For this reason, in order to express the same density with a
smaller amount of ink than a case where the threshold value of the
default is used, it is preferable that a ratio of dot having a
first size to dots to be used for printing of the notice partial
image is set greater than the case where the threshold value of the
default is used, and a ratio of dot having a second size greater
than the first size is set smaller than the case where the
threshold value of the default is used.
[0057] Here, when a specific threshold value is determined to be a
value (i.e., a value corresponding to a high density) greater than
the threshold value of the default, a probability that a dot
corresponding to the specific threshold value will be formed
becomes lower than the case where the threshold value of the
default is used. For example, when the threshold value Tb
corresponding to the large dot is determined to be a value
(Tb>Tb0) greater than the threshold value Tb0 of the default, a
probability that the large dot is to be formed is smaller than the
case where the threshold value Tb of the default is used.
[0058] Considering the above situations, for example, as shown in
the threshold value table HT of FIG. 6B, when the difference
.DELTA.V is 0% or greater and smaller than 5%, the types of dots to
be used are determined to be the four types "small", "medium",
"large" and "extra-large", and the threshold values Ts, Tm, Tb, Tbb
corresponding to the four types of dots are determined to be
threshold values Ts0, Tm0, TbS, TbbB. That is, in this case, the
threshold values Ts, Tm corresponding to the small dot and the
medium dot are determined to be the threshold values Ts0, Tm0 of
the default. The threshold value Tb corresponding to the large dot
is determined to be the threshold value TbS smaller than the
threshold value Tb0 of the default (TbS<Tb0), and the threshold
value Tbb corresponding to the extra-large dot is determined to be
the threshold value TbbB greater than the threshold value Tbb0 of
the default (TbbB>Tbb0). For example, when the value, which can
be taken as the gradation value of each component value of the CMYK
values, is 0 to 255, the threshold value TbS is, for example, 48,
and the threshold value TbbB is, for example, 192. As a result, in
this case, a ratio of the extra-large dot to the dots to be used
for printing of the notice partial image decreases and a ratio of
the large dot increases, as compared to the case where the
threshold value of the default is used. Also, ratios of the small
dot and the medium dot to the dots to be used for printing of the
notice partial image are substantially the same, as compared to the
case where the threshold value of the default is used.
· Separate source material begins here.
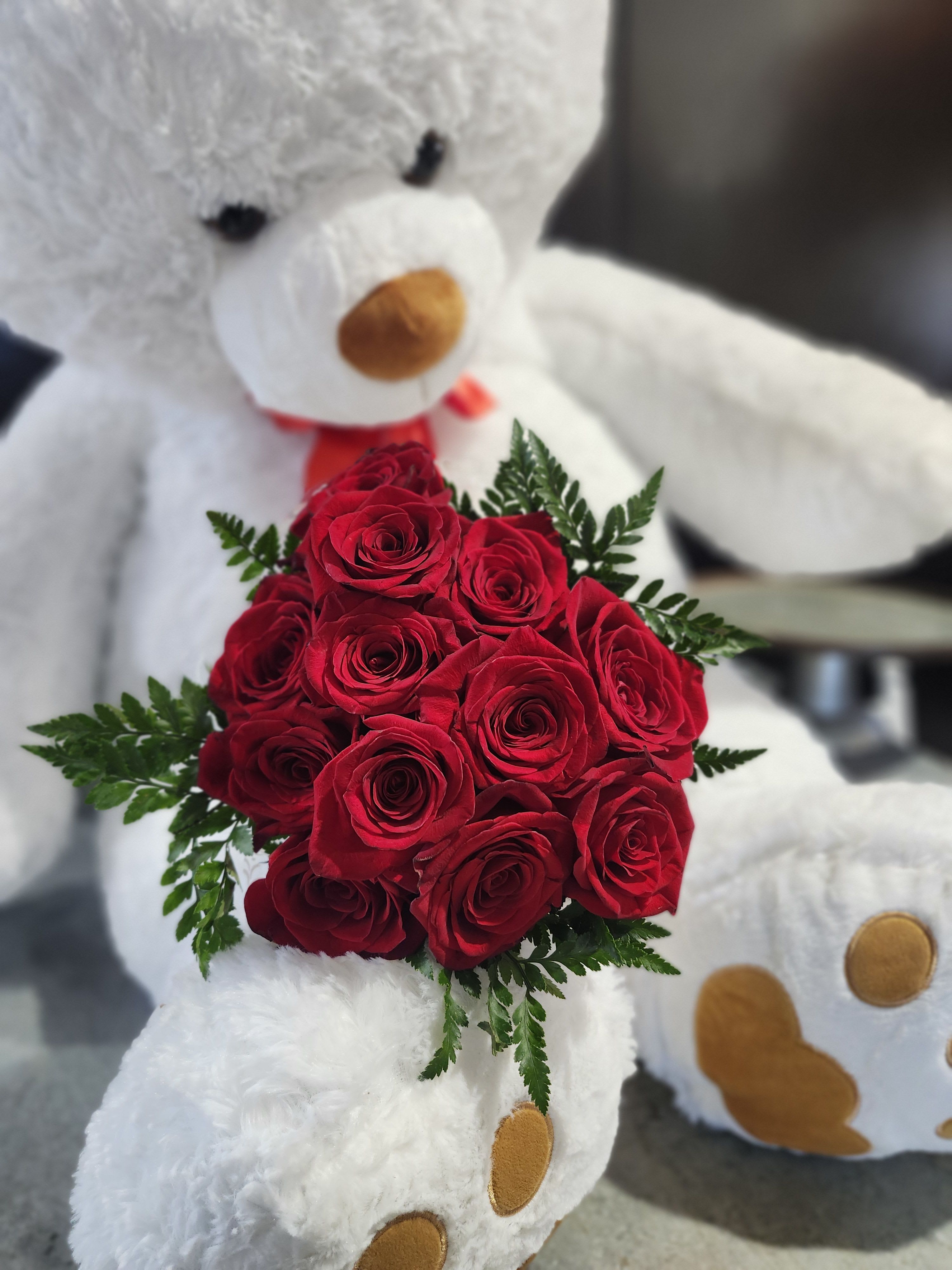 Standard Rose Dozen Wrapped - One Dozen Colored Roses W/ Greenery in a Wrap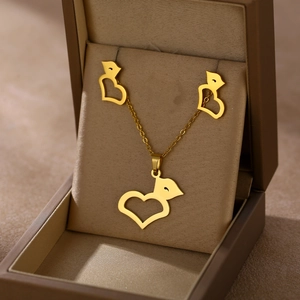 Close-up of gold stainless steel heart and bird necklace jewelry set in a beige velvet box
Therefore,
as compared to the case where the threshold values Ts0, Tm0, Tb0,
Tbb0 of the default are used, the used amount of ink to be used
when performing the partial printing is reduced.
[0059] When the difference .DELTA.V is 5% or greater and smaller
than 15%, the types of dots to be used are determined to be the
three types "small", "medium" and "large", and the threshold values
Ts, Tm, Tb corresponding to the three types of dots are determined
to be the threshold values Ts0, TmS, Tb0. That is, in this case,
the threshold values Ts, Tb corresponding to the small dot and the
large dot are determined to be the threshold values Ts0, Tb0 of the
default. The threshold value Tb corresponding to the medium dot is
determined to be the threshold value TmS smaller than the threshold
value Tm0 of the default (TmS<Tm0). The extra-large dot is not
used. For example, when the value, which can be taken as the
gradation value of each component value of the CMYK values, is 0 to
255, the threshold value TmS is, for example, 16. As a result, in
this case, the ratio of the extra-large dot to the dots to be used
for printing of the notice partial image is reduced (becomes zero
(0)), the ratio of the large dot is reduced and the ratio of the
medium dot is increased, as compared to the case where the
difference .DELTA.V is 0% or greater and smaller than 5%. Also, the
ratio of the small dot to the dots to be used for printing of the
notice partial image is substantially the same, as compared to the
case where the difference .DELTA.V is 0% or greater and smaller
than 5%. Therefore, as compared to the case where the difference
.DELTA.V is 0% or greater and smaller than 5%, the used amount of
ink to be used when performing the partial printing is reduced.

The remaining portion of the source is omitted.